### Work instructions
The data below should be printed in full, exactly, and without any of its images.

Entries provided Start Marker

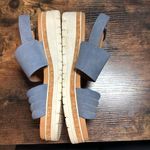 Adrienne Vittadini  Blue Strappy Platform Sandal‎ size 8 Photo 5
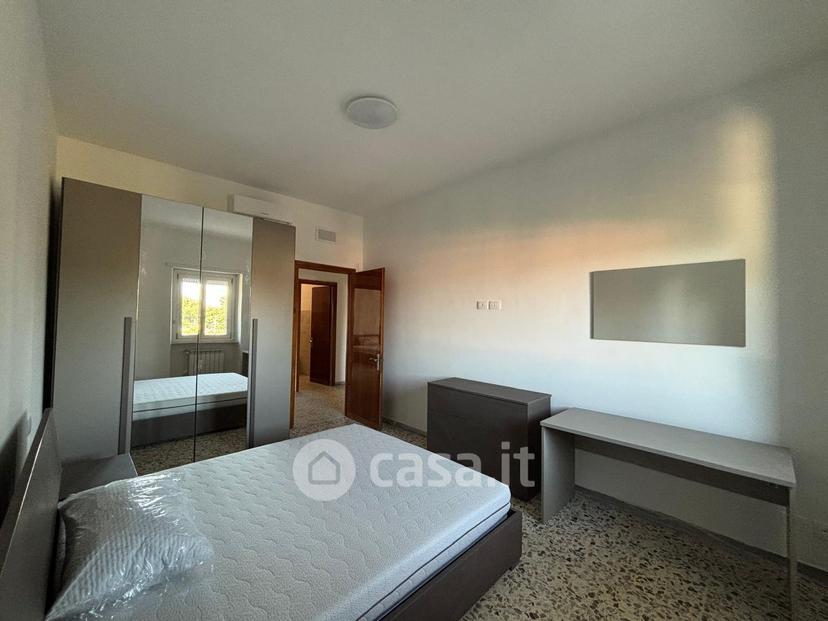 Stanza in Via Torre San Biele — foto 22 di 38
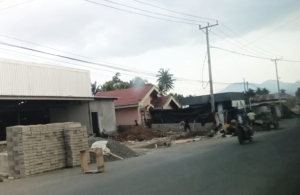 Material Proyek Alfa Midi di Kopandakan Satu Serobot Badan Jalan, Warga: Nyawa Pengendara Dipertaruhkan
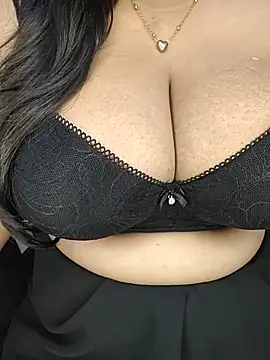 Curvy_Pooja 라이브 XXX 채팅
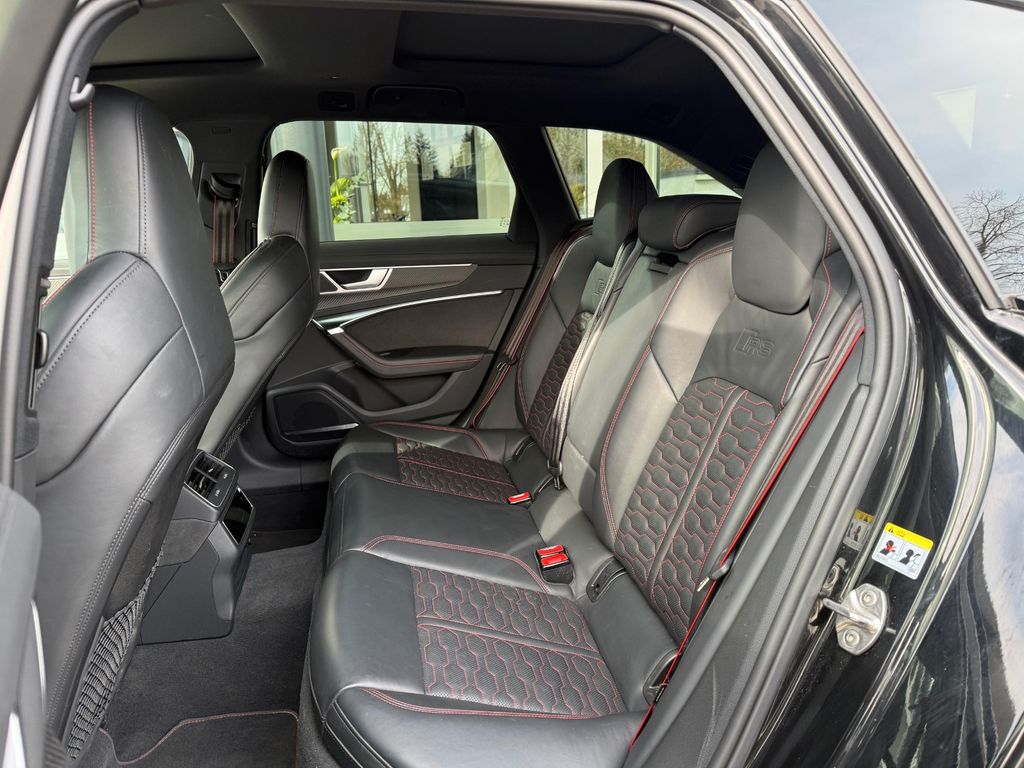 AUDI RS6 Avant PERFORMANCE/ STANDHZG./ B&O/ 22"/ PANO AUDI RS6 Avant PERFORMANCE/ STANDHZG./ B&O/ 22"/ PANO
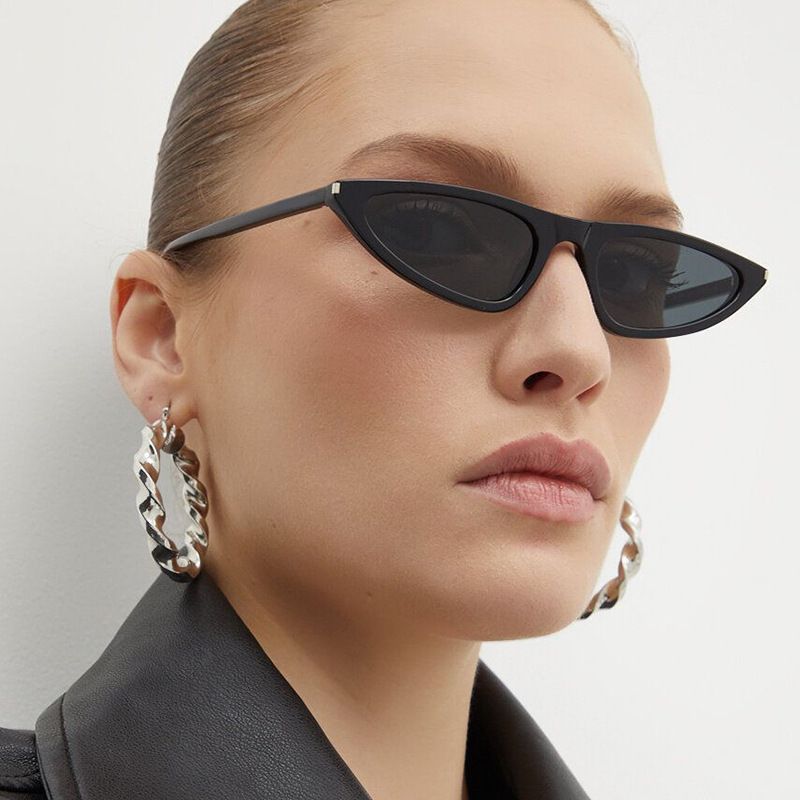 2025 Small Frame Cat Eye Sunglasses for Women Trendy Triangular Retro Shades for Street Style Daily Wear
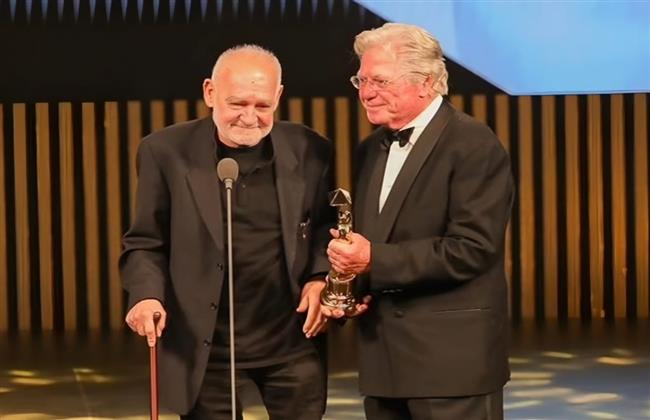 مهرجان القاهرة السينمائي ينعى الأسطورة بيلا تار: وداعًا "فيلسوف الصورة"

Entries provided End Marker

### Exercise output
 Adrienne Vittadini  Blue Strappy Platform Sandal‎ size 8 Photo 5
 Stanza in Via Torre San Biele — foto 22 di 38
 Material Proyek Alfa Midi di Kopandakan Satu Serobot Badan Jalan, Warga: Nyawa Pengendara Dipertaruhkan
 Curvy_Pooja 라이브 XXX 채팅
 AUDI RS6 Avant PERFORMANCE/ STANDHZG./ B&O/ 22"/ PANO AUDI RS6 Avant PERFORMANCE/ STANDHZG./ B&O/ 22"/ PANO
 2025 Small Frame Cat Eye Sunglasses for Women Trendy Triangular Retro Shades for Street Style Daily Wear
 مهرجان القاهرة السينمائي ينعى الأسطورة بيلا تار: وداعًا "فيلسوف الصورة"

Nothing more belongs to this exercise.